● **Exercise details**
Please, without any pictures, set down exactly the part of the listing below that opens with the line containing "IDEALHOUSE Waterproof Outdoor" and closes with the line containing "Lina Open Abaya In Blue Color Abaya.".
START Given entries
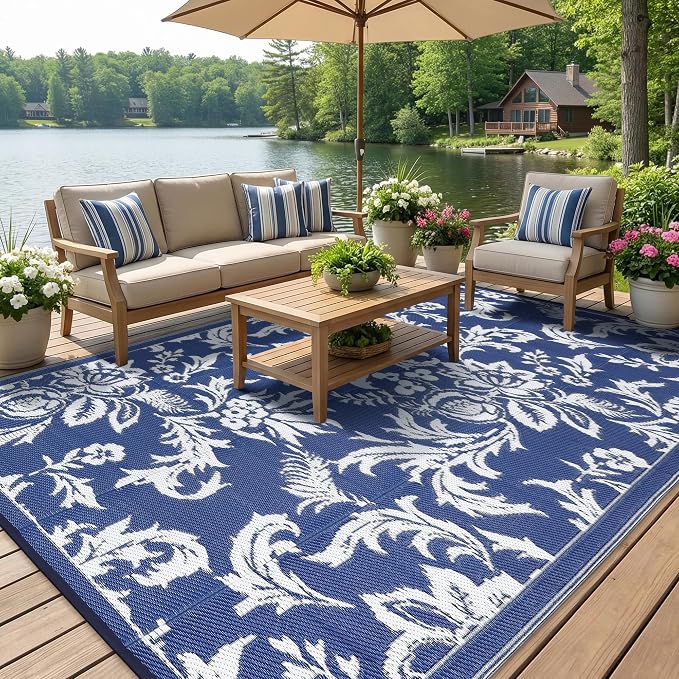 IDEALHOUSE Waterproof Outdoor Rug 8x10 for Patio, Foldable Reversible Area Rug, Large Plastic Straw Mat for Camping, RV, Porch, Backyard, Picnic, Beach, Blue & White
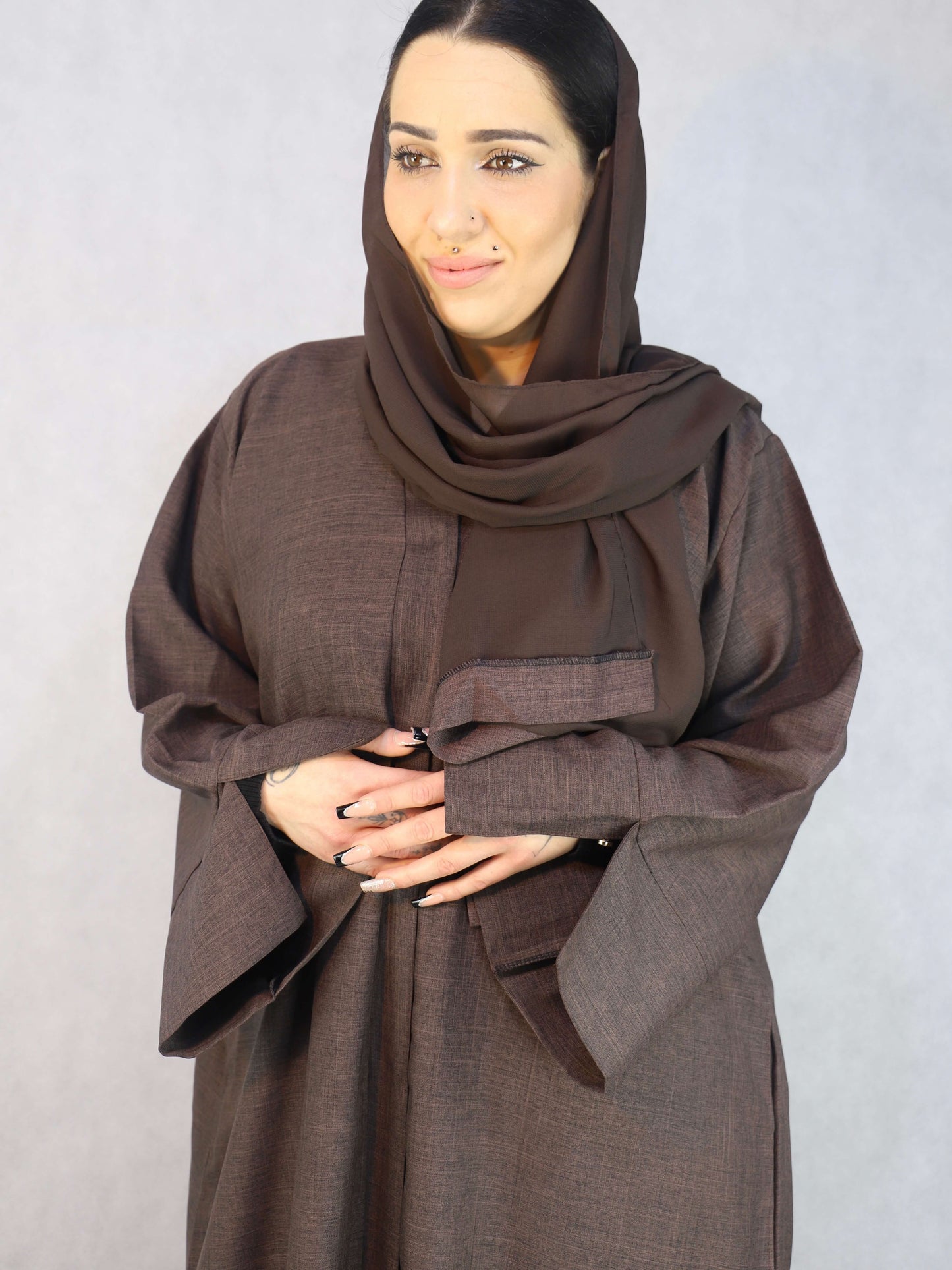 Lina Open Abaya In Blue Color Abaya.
END Given entries
START Given entries
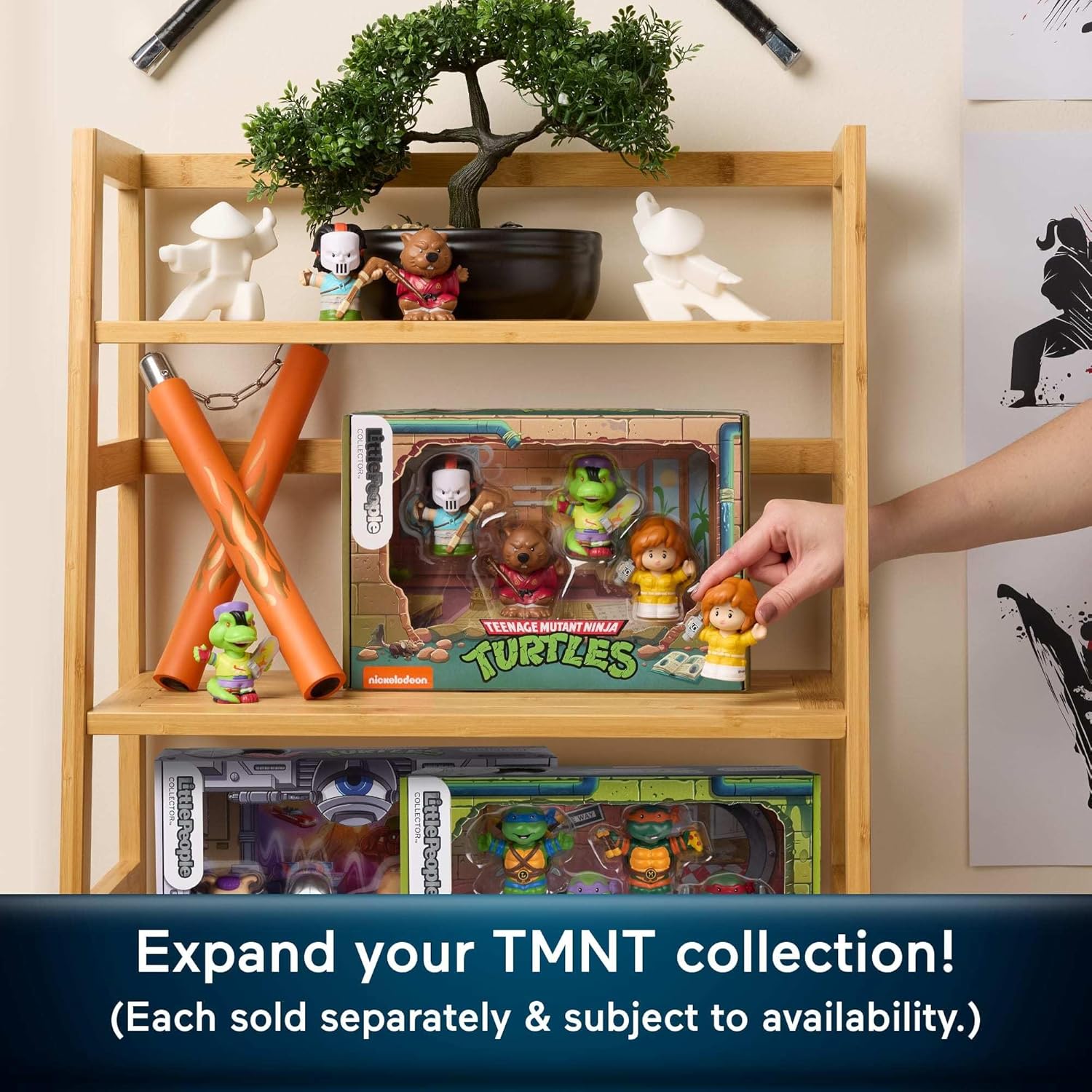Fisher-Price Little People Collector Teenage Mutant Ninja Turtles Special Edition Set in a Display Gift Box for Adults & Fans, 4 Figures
END Given entries
START Given entries
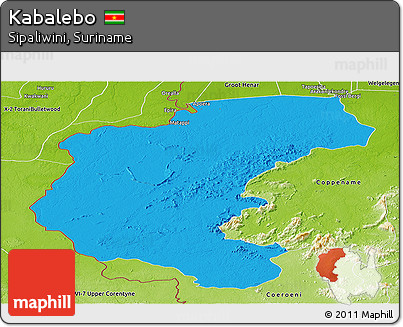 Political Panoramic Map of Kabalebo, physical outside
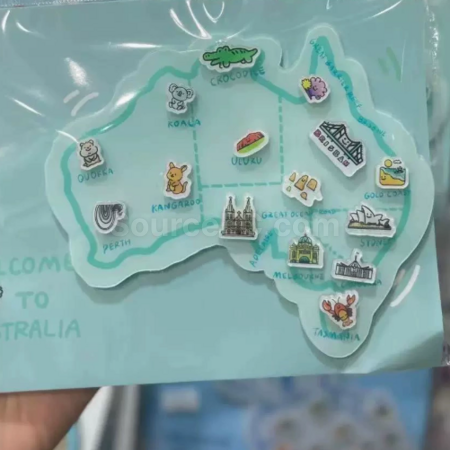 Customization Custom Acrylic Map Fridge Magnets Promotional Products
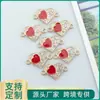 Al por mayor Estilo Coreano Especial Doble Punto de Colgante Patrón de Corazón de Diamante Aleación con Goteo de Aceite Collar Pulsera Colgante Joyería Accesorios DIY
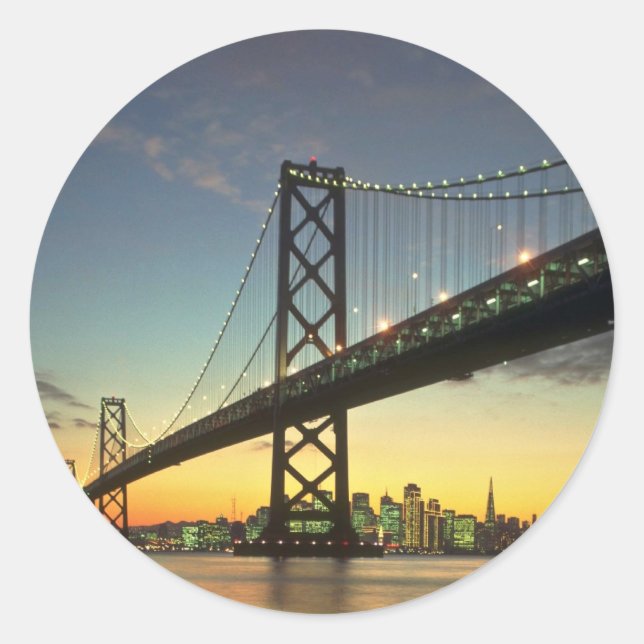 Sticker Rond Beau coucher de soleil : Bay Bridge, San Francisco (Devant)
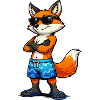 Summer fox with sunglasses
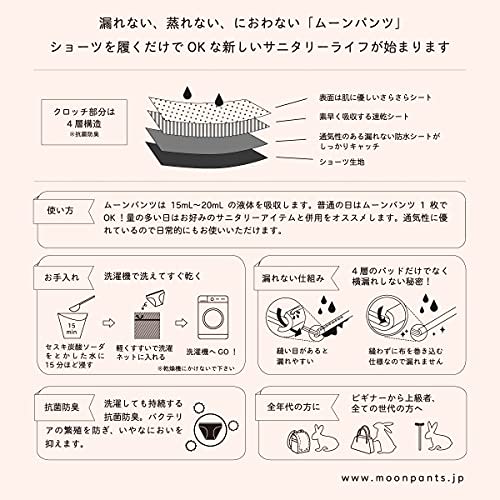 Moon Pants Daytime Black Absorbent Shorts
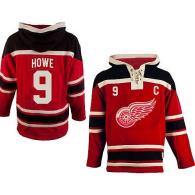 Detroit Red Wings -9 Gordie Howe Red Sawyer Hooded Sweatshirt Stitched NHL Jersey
END Given entries
● **Exercise solution**
 IDEALHOUSE Waterproof Outdoor Rug 8x10 for Patio, Foldable Reversible Area Rug, Large Plastic Straw Mat for Camping, RV, Porch, Backyard, Picnic, Beach, Blue & White
 Lina Open Abaya In Blue Color Abaya.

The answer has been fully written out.